I’ve seen inlay projects with *many* different woods, so obviously there’s a technique that works. Do I simply increase the bevel angle? –or is there a completely different technique? Can anybody point me in the right direction?
-M.
Replies
Professional veneering experts at Flamingo Inlays use an angle of 7 to 10 degrees. If your inlays are thicker than veneers, your three high stack is sure to cause size problems. Make various two stack sandwiches, using differenr top woods for each. They will all fit beautifully. Your jigsaw probably tilts only one way, but I'm sure it has a scale that will show 10 degrees. Make sure your saw slant is 'with the cone'. Imagining a cone with the point down through your insert is a good way to keep proper orientation in mind. Also, you don't say how fine a blade you're using. I believe Lee Neilson (sp?) sells very fine veneering blades. And, after all, it's the thickness of the saw kerf that determines how much wood is taken, and is the reason fo the taper (or Cone) in the first place.
Work with only two layers at a time.

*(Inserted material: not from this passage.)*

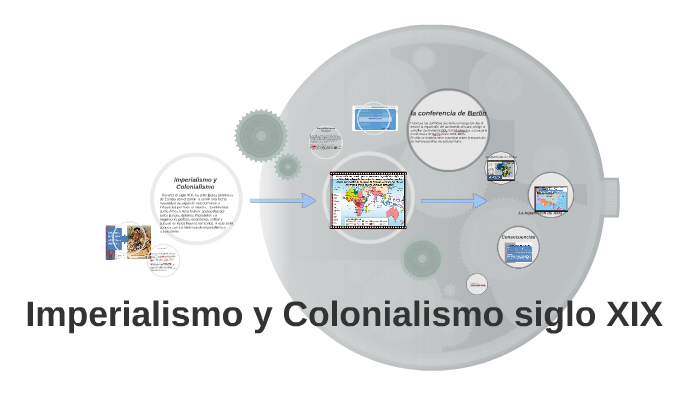 Imperialismo y Colonialismo siglo XIX by Tatiana Buitrago on Prezi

Call one the background, and the other the insert. Cut the hole in the background layer and the matching piece from the insert layer. Remove the waste, and drop that piece into the background layer with glue on the edge to hold it in. For the next cuts, your background layer has multiple kinds of wood in it.

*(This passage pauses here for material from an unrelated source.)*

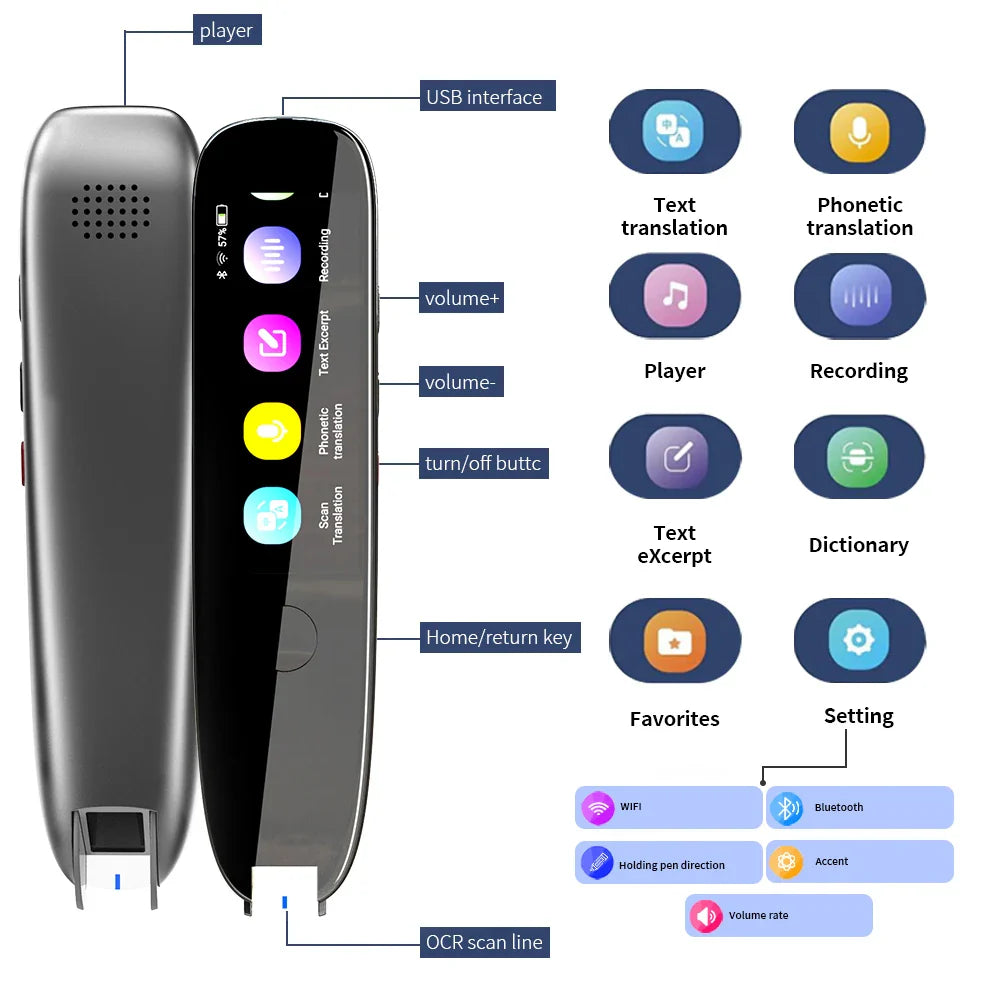 Scan Translator Reading Pen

Thanks to both of you for the suggestions. I'm practicing with 1/4" thick materials, so yes -- it's much thicker than veneers. I've tried #0, #2, and #4 blades.

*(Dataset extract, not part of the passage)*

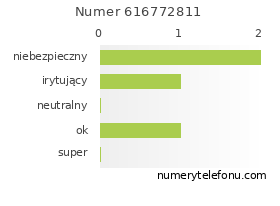 Oceny numeru telefonu 616772811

As my wife and I were driving to go out to dinner tonight, I finally had a mental insight into the geometry and realized, as both of you pointed out, that a stack isn't going to work no matter what the bevel angle if the materials aren't extremely thin.
I'm going to combine both of your suggestions -- moving my bevel angle closer to 10 deg and just doing two layers, gluing pieces into the background after each cut. I can see that this technique will take a little pre-planning of the cut schedule.
A related question: what's the best way to hide the kerfs that result from slight misfits? I've tried mixing sawdust with white glue, but I can't get a good color match -- it always darkens when I apply any kind of finish and highlights the misfit -- not what I had in mind :-)
Thanks!
-M.
i use the double bevel method too -- but the ratio that seems to work is veneers cut to 5/64", use a #00 blade, cutting at a 7 degree angle (for me sloping downward left to right)- background wood on top, inset piece below. must admit that i have not tried that with a machine - i use a jewelers hand saw.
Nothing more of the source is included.